Salient Features of Oligopoly Market:
1. Interdependence:
The foremost characteristic of oligopoly is interdependence of the various firms in the decision
making.
This fact is recognized by all the firms in an oligopolistic industry. If a small number of sizeable
firms constitute an industry and one of these firms starts advertising campaign on a big scale or
designs a new model of the product which immediately captures the market, it will surely
provoke countermoves on the part of rival firms in the industry.
Thus, different firms are closely inter dependent on each other.
2. Advertising:
Under oligopoly a major policy change on the part of a firm is likely to have immediate effects
on other firms in the industry. Therefore, the rival firms remain all the time vigilant about the
moves of the firm which takes initiative and makes policy changes. Thus, advertising is a
powerful instrument in the hands of an oligopolist. A firm under oligopoly can start an
aggressive advertising campaign with the intention of capturing a large part of the market. Other
firms in the industry will obviously resist its defensive advertising.
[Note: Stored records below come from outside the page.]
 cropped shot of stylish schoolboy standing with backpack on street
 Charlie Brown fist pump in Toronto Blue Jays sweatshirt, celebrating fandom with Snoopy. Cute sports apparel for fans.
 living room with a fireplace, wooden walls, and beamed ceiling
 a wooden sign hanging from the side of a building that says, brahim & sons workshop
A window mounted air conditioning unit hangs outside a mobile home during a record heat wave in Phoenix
Under perfect competition advertising is unnecessary while a monopolist may find some
advertising to be profitable when his product is new or when there exist a large number of
potential consumers who have never tried his product earlier. But according to Prof. Baumol,
“under oligopoly, advertising can become a life-and-death matter where a firm which fails to
keep up with the advertising budget of its competitors may find its customers drifting off to rival
products.”
3. Group behavior:
In oligopoly, the most relevant aspect is the behavior of the group. There can be two firms in the
group, or three or five or even fifteen, but not a few hundred. Whatever the number, it is quite
small so that each firm knows that its actions will have some effect on other firms in the group.
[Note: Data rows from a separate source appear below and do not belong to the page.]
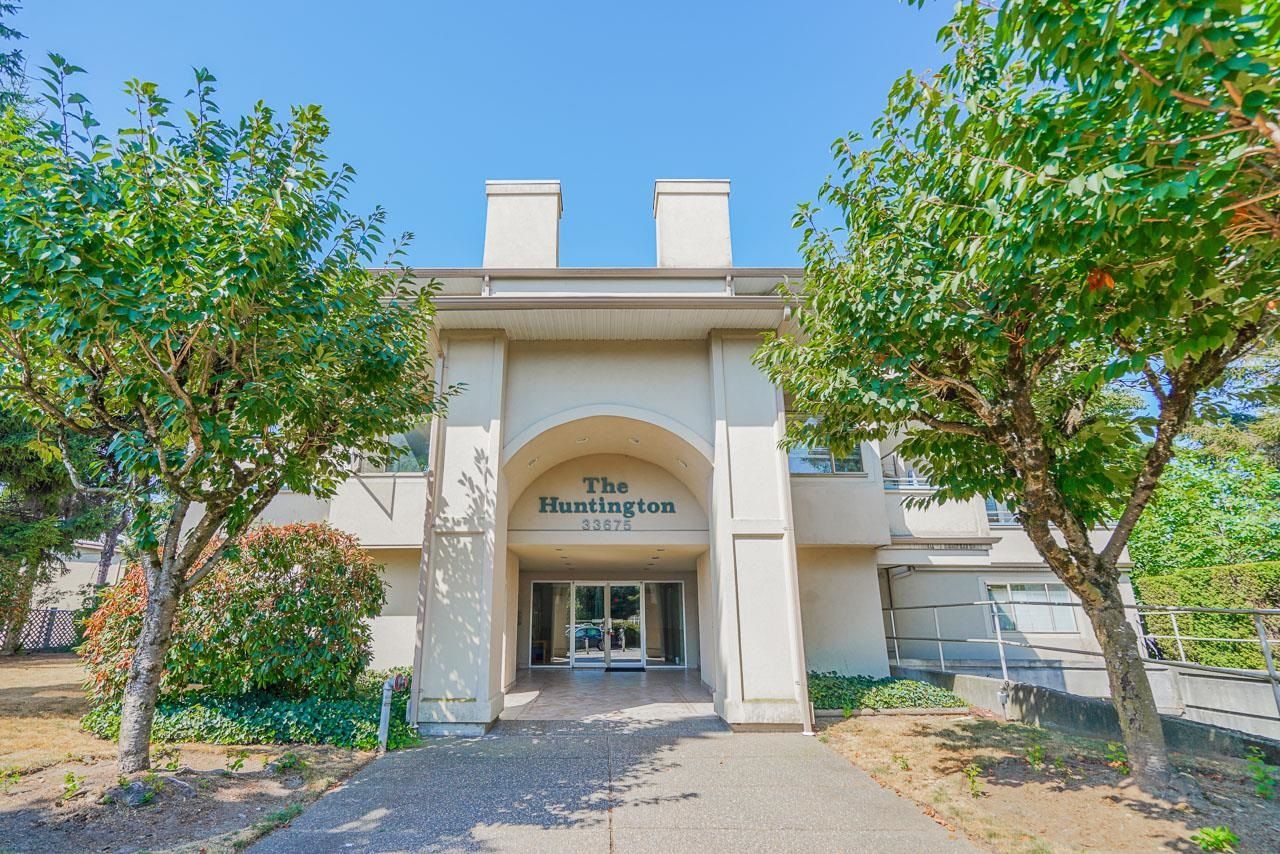 Main Photo: 202 33675 MARSHALL Road in Abbotsford: Central Abbotsford Condo for sale in "The Huntington" : MLS®# R2608485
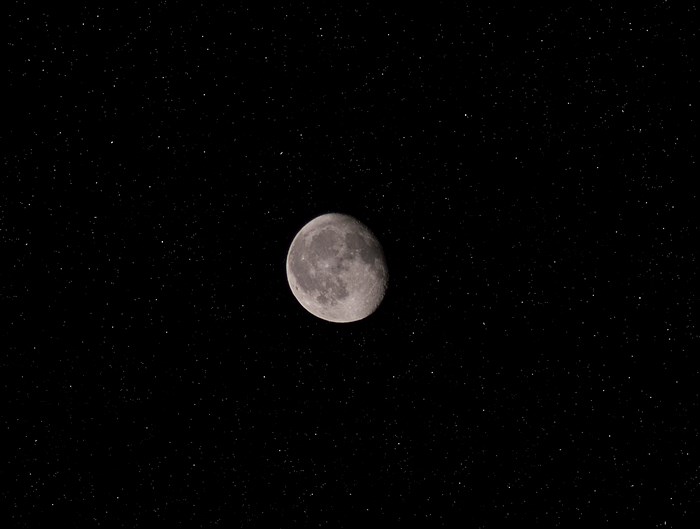Moon and stars in the night sky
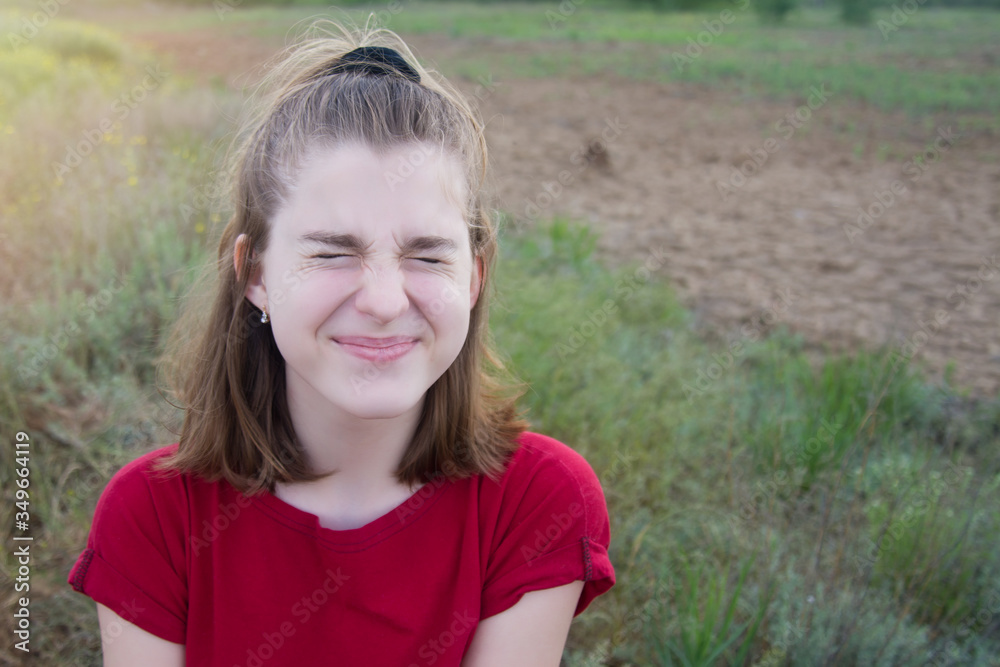 Young beautiful teenager girl squinting fun in a field outdoors. Copyspace.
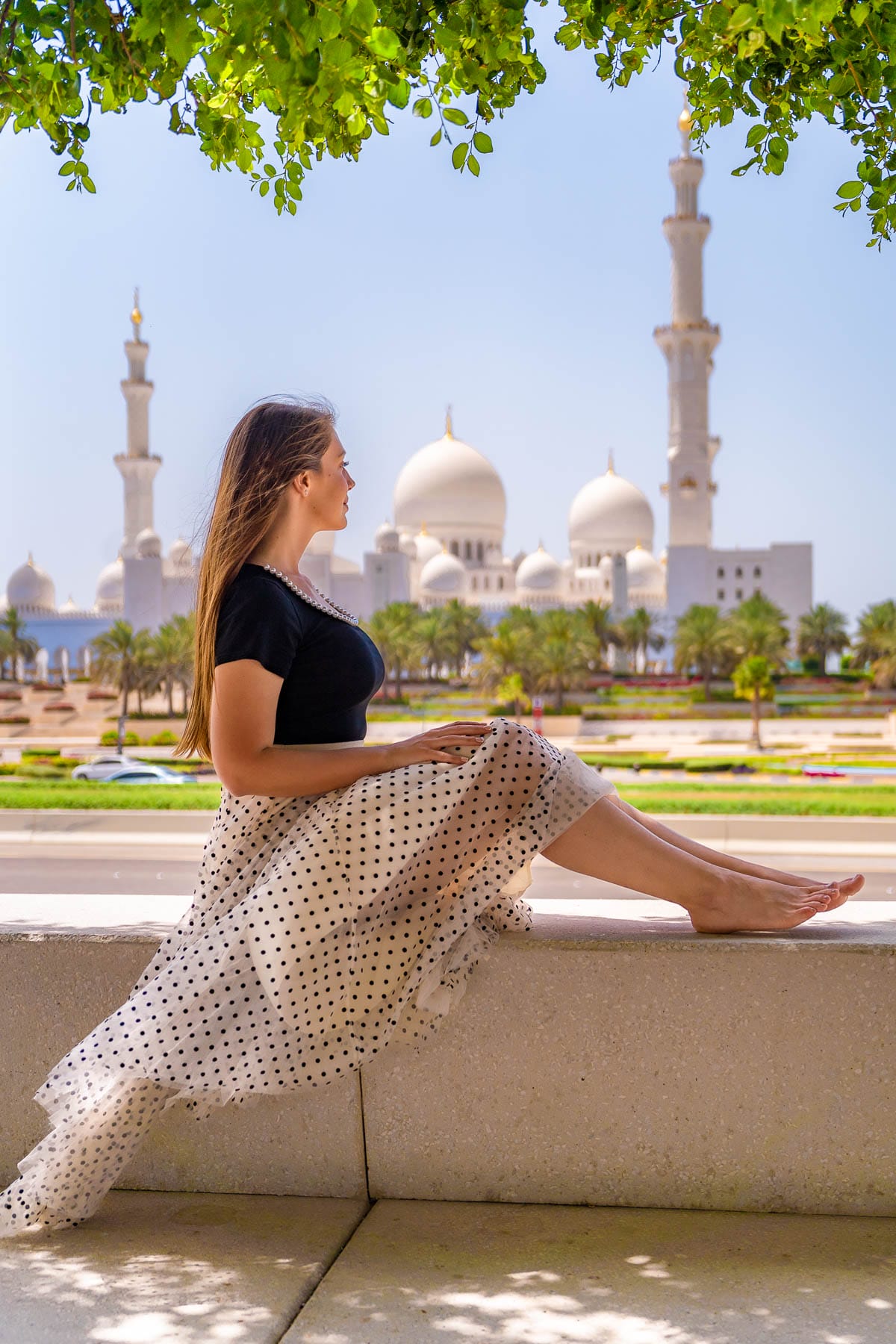 Girl at Wahat al Karama overlooking the Grand Mosque in Abu Dhabi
In contrast, under perfect competition there are a large number of firms each attempting to
maximize its profits.
Similar is the situation under monopolistic competition. Under monopoly, there is just one profit
maximizing firm. Whether one considers monopoly or a competitive market, the behavior of a
firm is generally predictable.
In oligopoly, however, this is not possible due to various reasons:
(i) The firms constituting the group may not have a common goal
(ii) The group may or may not have a formal or informal organization with accepted rules of
conduct
(iii) The group may be dominated by a leader but other firms in the group may not follow him in
a uniform manner.
4. Competition:
This leads to another feature of the oligopolistic market, the presence of competition. Since
under oligopoly, there are a few sellers, a move by one seller immediately affects the rivals. So
each seller is always on the alert and keeps a close watch over the moves of its rivals in order to
have a counter-move. This is true competition, “True competition consists of the life of constant
struggle, rival against rival, whom one can only find under oligopoly.”
6. Lack of Uniformity:
Another feature of oligopoly market is the lack of uniformity in the size of firms. Firms differ
considerably in size. Some may be small, others very large. Such a situation is asymmetrical.
This is very common in the American economy. A symmetrical situation with firms of a uniform
size is rare.
7. Existence of Price Rigidity:
In oligopoly situation, each firm has to stick to its price. If any firm tries to reduce its price, the
rival firms will retaliate by a higher reduction in their prices. This will lead to a situation of price
war which benefits none. On the other hand, if any firm increases its price with a view to
increase its profits; the other rival firms will not follow the same. Hence, no firm would like to
reduce the price or to increase the price. The price rigidity will take place.